━━━━━ GIVEN DATA

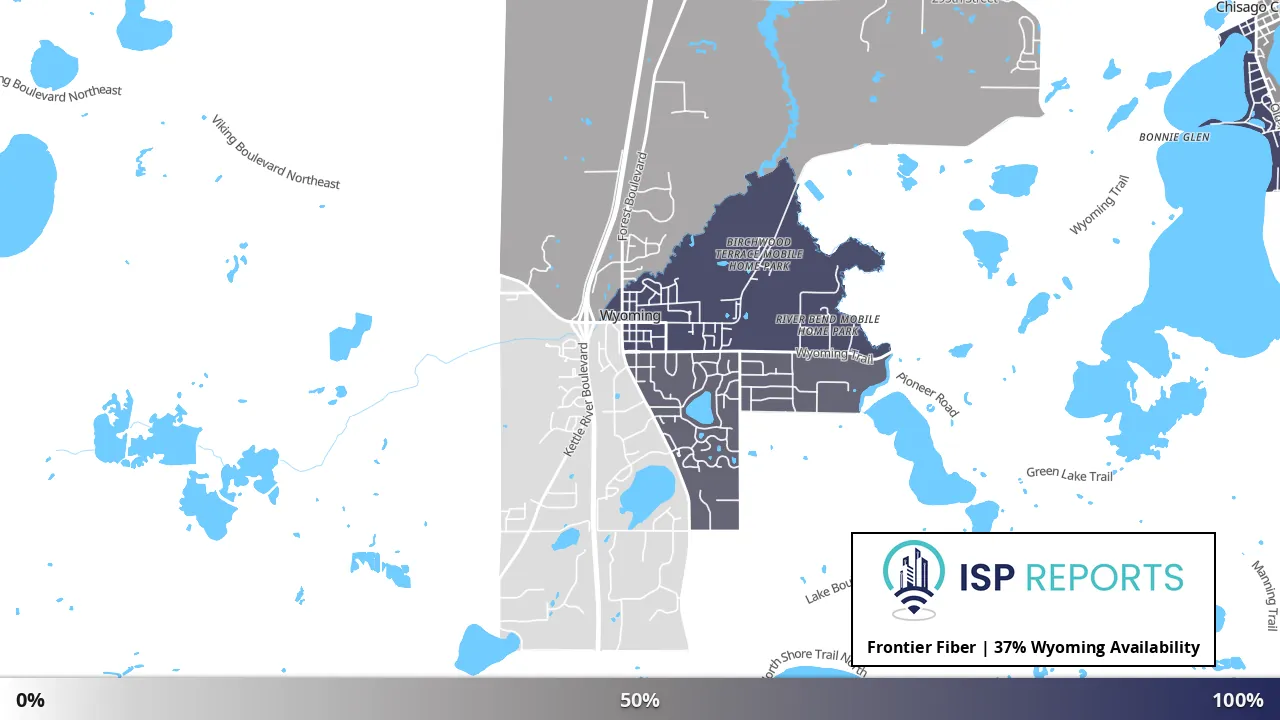Wyoming, MN map of internet availability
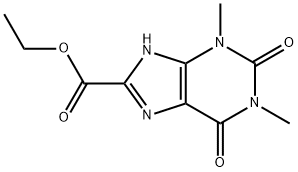 ethyl 1,3-dimethyl-2,6-dioxo-7H-purine-8-carboxylate Struktur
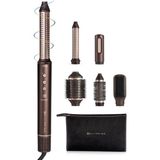 Prodigy Dijital Air Styler, Çok Fonksiyonlu Hava Üflemeli Saç Şekillendirici Fırça - Kahverengi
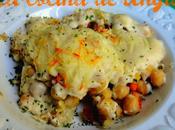 Garbanzos bechamel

━━━━━━━━━━

Beginning with the line that holds "Prodigy Dijital Air", write out exactly the lines down to the end of the material above, and no others. Pictures are not part of the copy.

 Prodigy Dijital Air Styler, Çok Fonksiyonlu Hava Üflemeli Saç Şekillendirici Fırça - Kahverengi
 Garbanzos bechamel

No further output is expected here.